Common String Methods include:
- Case Conversion: Methods like .lower(), .upper(), .capitalize().
- Searching: .find(), .index(), .startswith(), .endswith().
- Modification: .strip(), .split(), .replace().
- Joining: .join() for concatenating a sequence of strings.
- Format: .format() or f-strings (e.g., f"{variable}") for string formatting.

> The following cell shows the string data type in action:

In [None]:
# String creation
simple_string = "Hello, World!"
multi_line_string = """This is
a multi-line
string"""

# String operations
concatenated = "Hello, " + "World!"
repeated = "Echo! " * 3
substring = simple_string[7:12]  # 'World'
for char in simple_string:
    print(char)

# String methods
modified = simple_string.lower()
found_index = simple_string.find("World")

# Formatting
formatted_string = f"{simple_string} It's {2023}!"

# Unicode and encoding
unicode_string = "こんにちは"
encoded = unicode_string.encode('utf-8')
decoded = encoded.decode('utf-8')

## Lists
- The Python list data type is a versatile and widely used data structure. It is important in data analysis for its ability to store sequences of elements.
- A list is an ordered collection of items. Lists can contain items of any data type, including other lists.
- Lists are mutable, meaning that their elements can be changes after the list is created.
- Lists are created by using square brackets, [], with items separated by commas.
- Lists can be generated dynamically using list comprehensions or functions like list().
- Lists can be indexed and sliced (just like strings).
- Lists can be combined using '+'.
- Lists can be repeated using '*'
- Lists can be iterated through by using loops such as 'for item in list'

**Common List Methods**
- Adding Items: .append(item) to add to the end, .insert(index, item) to insert at a position.
- Removing Items: .remove(item) removes first occurrence, .pop([index]) removes and returns an item at index.
- Sorting and Reversing: .sort() for in-place sorting, .reverse() to reverse the list.
- Searching: .index(item) to find the index of the first occurrence of an item.

**List Comprehensions**

- Concise Syntax: Provides a concise way to create lists based on existing lists.
Examples: <pre>[x**2 for x in range(10)]</pre> creates a list of square numbers.

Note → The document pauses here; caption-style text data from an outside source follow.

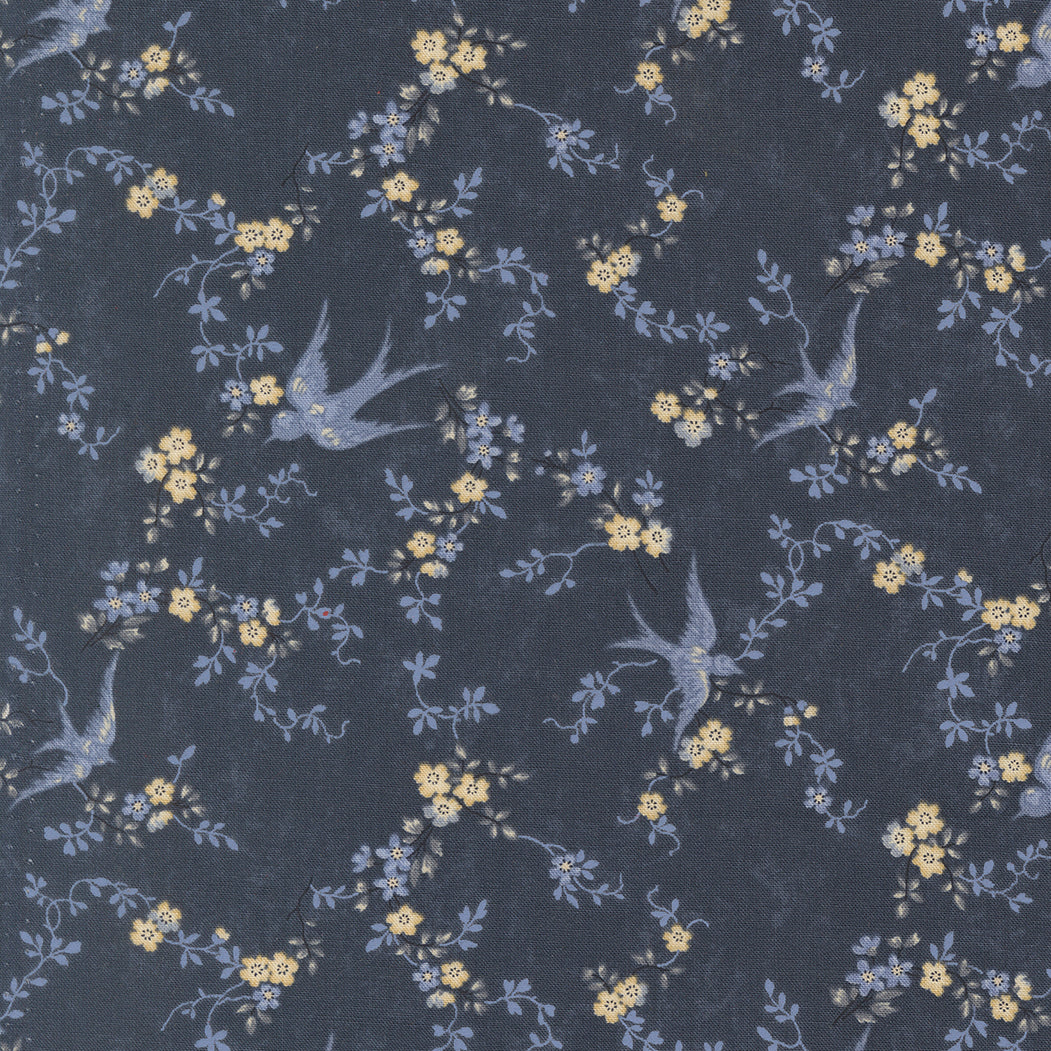 COMING SOON - Bluebird's Nest Happy Bluebirds Blue by Kansas Troubles Quilters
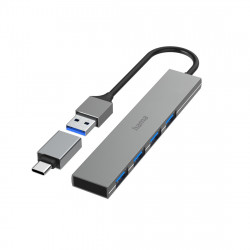 HAMA 00200141 4-Port USB 3.2 Gen 1 Hub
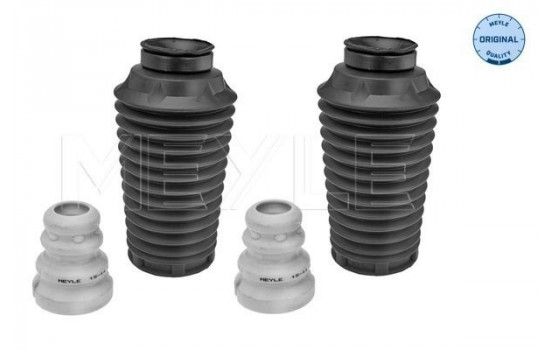 Dust cover, shock absorber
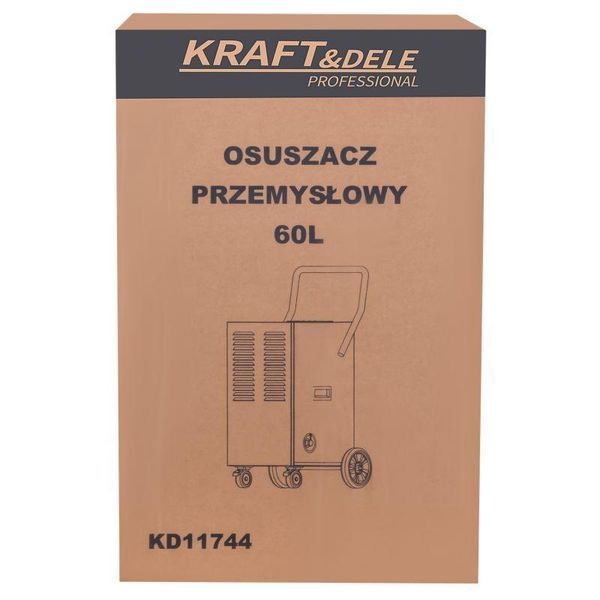 Осушитель воздуха Kraft Dele KD11744 KD11744 фото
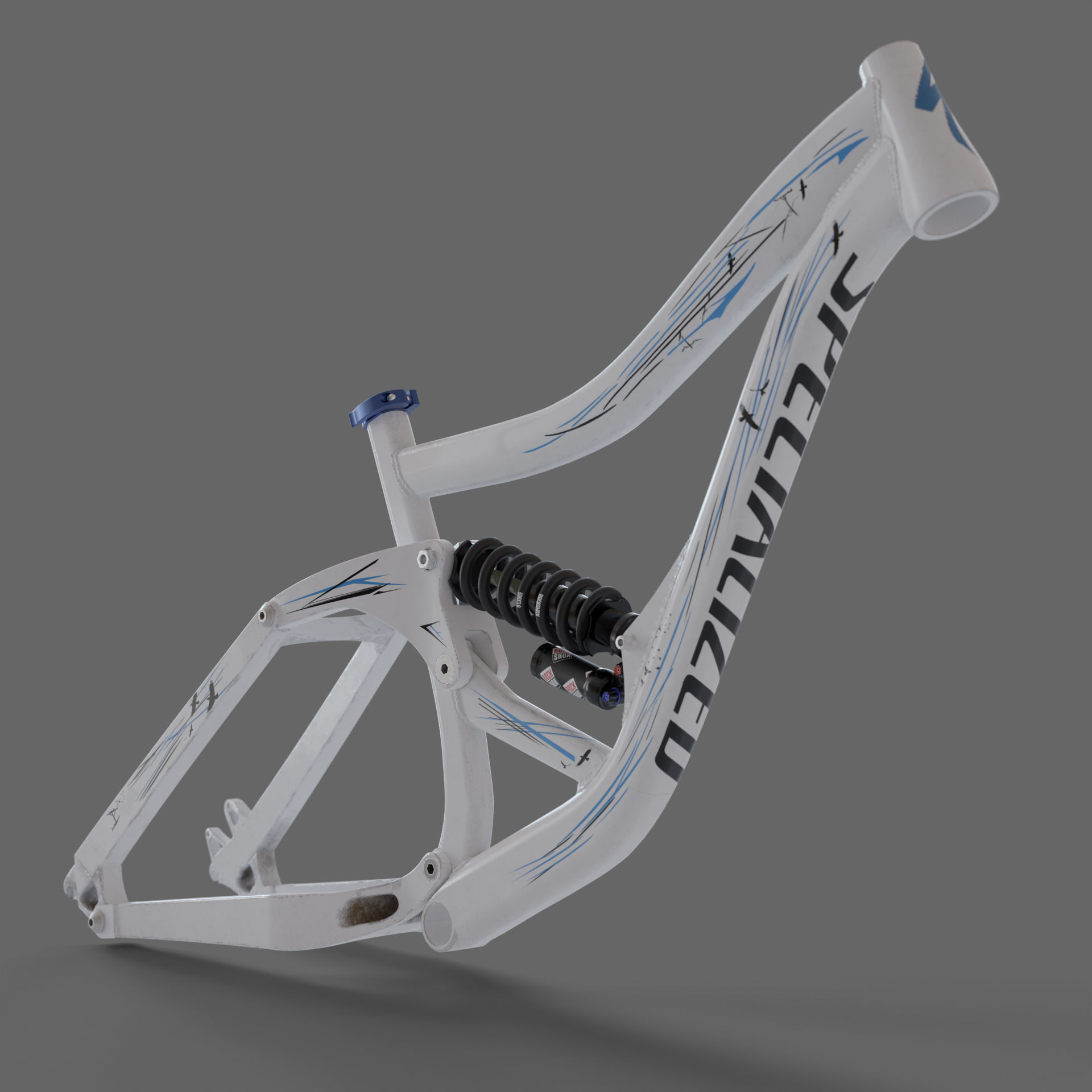 Specialized big hit 3 Low-poly 3D model_9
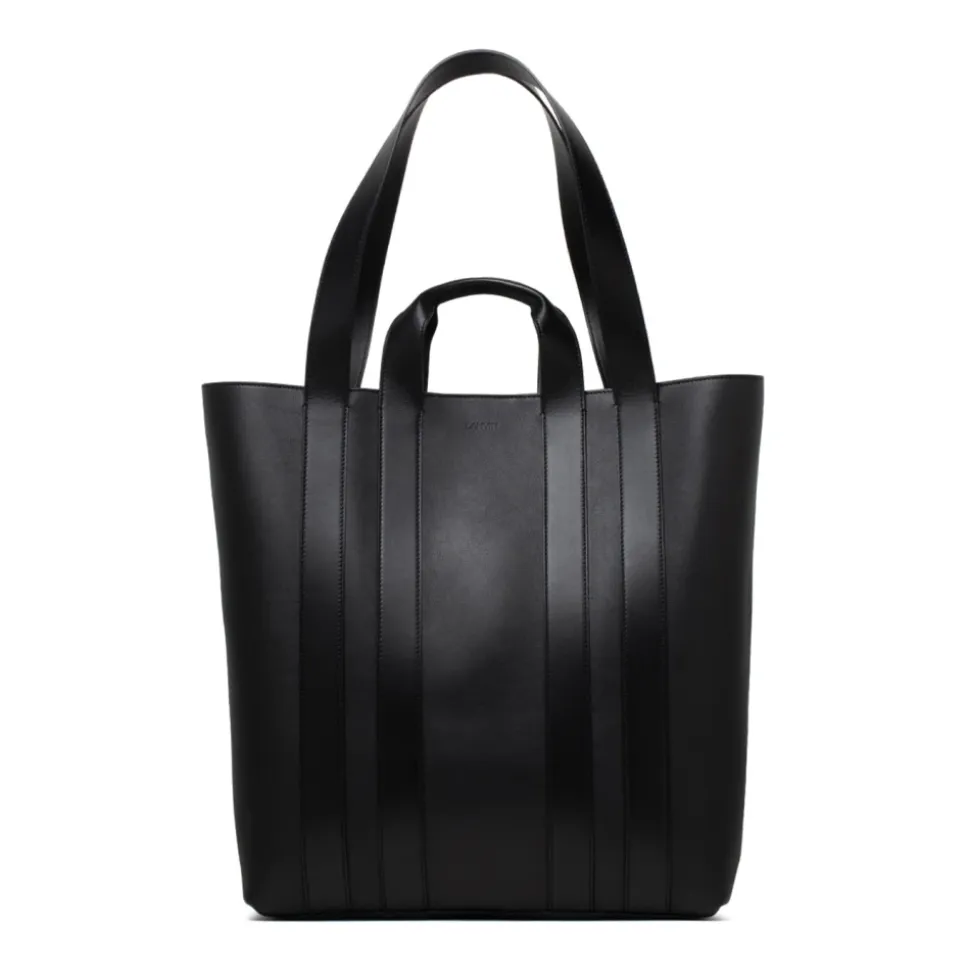 Svart Ballade North South Tote Bag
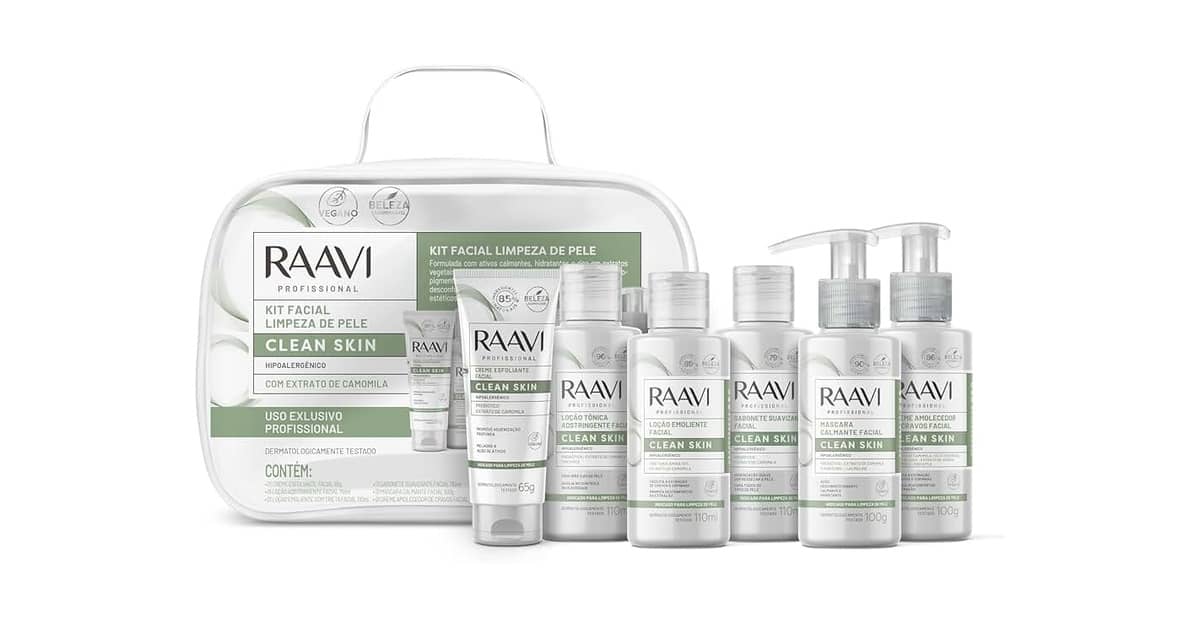 Melhor Produto para Limpeza de Pele: Análise de 10 Kits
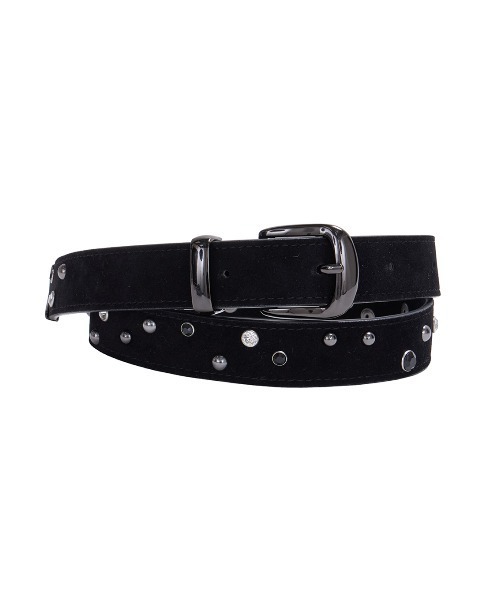 ELCHELE(エルチェレ)の「STUDS BELT(ベルト・レディース・ブラック・FREE)」の13枚目の写真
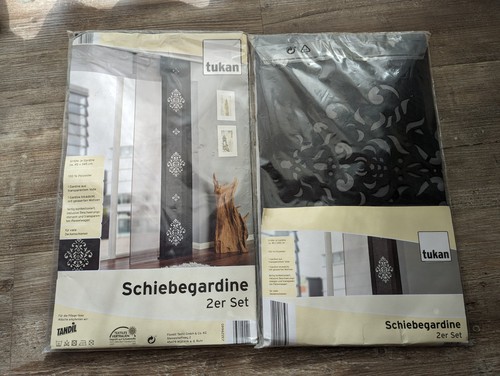 Neu ovp schiebegardine - 4,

> The following cell shows the list data type in action:

In [6]:
# Modified list with only integers
my_list = [1, 2, 3, 4, 5]

# Operations
element = my_list[3]  # Accessing an element
my_list.append(6)  # Adding an element
sliced_list = my_list[1:4]  # Slicing

# Sorting the list
my_list.sort()  # Sorting the list

# List comprehension
squares = [x ** 2 for x in range(10)]

# Copying
import copy
shallow_copy = copy.copy(my_list)
deep_copy = copy.deepcopy(my_list)

## Tuples
- A tuple is an ordered sequence of immutable objects. This is an important data structure when working with object types that you don't want to accidentally change.
- Unlike lists, you cannot add or remove elements, you also cannot re-assign values.
- However, similar to lists, you can mix object types.
- Tuples are created by using parentheses '()'

**Operations**
- Indexing and Slicing: Access elements by index (tuple[index]), slice sub-tuples (tuple[start:end]).
- Concatenation: Combine tuples using +.
- Repetition: Repeat tuples using *.
- Iteration: Iterate through items using loops like for item in tuple:.

**Unpacking**
- Simultaneous Assignment: Tuples allow for the unpacking of values into variables, like x, y, z = my_tuple.
- Extended Unpacking: In Python 3, extended unpacking can be used with a * to grab excess items.

**Common Operations**
- Count and Index: .count(value) to count occurrences, .index(value) to find the index of the first occurrence.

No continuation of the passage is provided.